Building the cell-union table for those ~572,000 admin polygons produces ~5.7 million rows in 36 minutes on the workstation. Each row is a small struct: (admin_id, range_min, range_max, is_interior).

Italy's S2 cell-union at levels 4–7, overlaid on OSM. Green cells (INTERIOR) sit entirely inside the country polygon: a hospital whose leaf cell falls in one of them is auto-confirmed as inside Italy, no further check needed. Orange cells (BOUNDARY) cross the polygon edge; hospitals in them have to be re-checked with a real polygon-contains call. INTERIOR cells are visually rare here, and that's not a quirk of Italy's peninsular shape: on every real admin polygon I checked, INTERIOR cells are a small minority of the cell-union. The next section unpacks why the join is still fast.

For each healthcare POI, I compute its leaf cell, a 64-bit integer. All 770k of them take four seconds.

Then a single SQL range-join in DuckDB (conceptually similar to SQLite, but for analytical work on columnar data):

SELECT poi.id, admin.id, admin.subtype
FROM poi_leaves poi
JOIN unified_cell_union admin
  ON poi.leaf BETWEEN admin.range_min AND admin.range_max

That’s the whole spatial join.

What’s impressive is that it works across all admin levels at once. It returns ~5.6 million candidate (POI, admin) pairs in under a second:

~965k INTERIOR matches are auto-confirmed: leaf is inside an INTERIOR cell, no further work needed.
~4.7M BOUNDARY matches need a real polygon-contains check; ~3.3M survive.

The refinement is the only place geometry comes back into the loop. To keep it cheap, group the candidates by admin polygon: load each polygon’s geometry once, then call shapely.contains against every POI that landed in one of its boundary cells:

from shapely.geometry import Point

confirmed = []
for admin_id, group in boundary_candidates.groupby('admin_id'):
    poly = admin_polygons[admin_id]      # loaded once per admin
    confirmed.extend(
        (poi_id, admin_id)
        for poi_id, lon, lat in group.itertuples(index=False)
        if poly.contains(Point(lon, lat))
    )

Polygon loads dominate the runtime; the contains calls are cheap because the admin polygon was already simplified upstream of the index. ~4.7M candidates → ~3.3M confirmed in a few minutes.

Total: ~4.2 million confirmed (POI, admin) pairs, across country and region and locality, in 6 minutes of compute.

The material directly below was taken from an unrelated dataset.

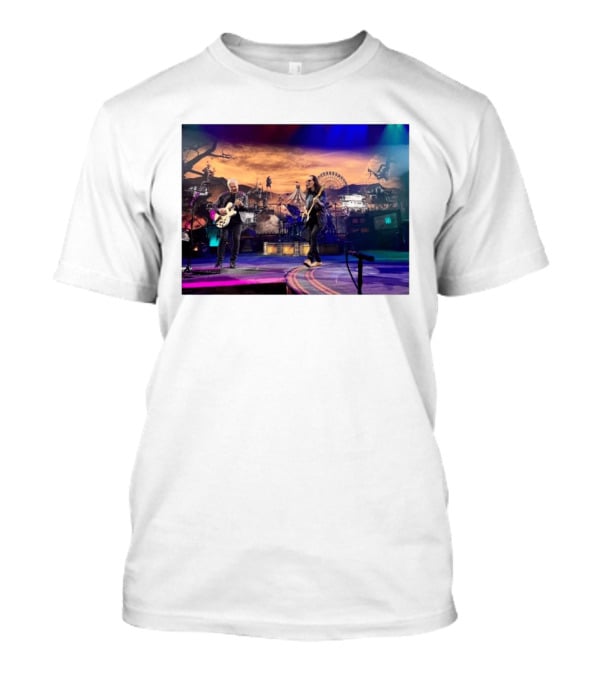 Fifty Something Rock Canada Rush Alex Lifeson Geddy Lee Thank You Texas Concert Memories T-Shirt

To make the join concrete, take a real hospital: Bergamo’s Ospedale Papa Giovanni XXIII, at roughly (45.6917° N, 9.6692° E). Its S2 leaf cell ID is 5,152,488,575,548,925,233. Each admin polygon is a union of many cells; the one whose interval contains that integer is its matching cell. A cell and its interval are the same object: a cell at level k is exactly the leaf range [range_min, range_max]. The three matching cells:

Admin polygon	Matching cell	range_min	range_max
Italia (country)	level 6	5,152,117,973,711,847,425	5,152,680,923,665,268,735
Lombardia (region)	level 7	5,152,399,448,688,558,081	5,152,540,186,176,913,407
Bergamo (locality)	level 11	5,152,488,509,130,407,937	5,152,489,058,886,221,823

Three nested intervals on the same number line, and the hospital’s leaf cell ID falls inside all three. The SQL above resolves country, region, and locality containment with one BETWEEN per row, against one unified table. The usual way to answer “which polygon contains this point?” is a spatial index like an R-tree, the structure behind PostGIS and most geo databases. But an R-tree covers one layer of polygons at a time, so all three admin levels mean three separate indexes and three separate tree searches. Three integer comparisons against one table replace all of it.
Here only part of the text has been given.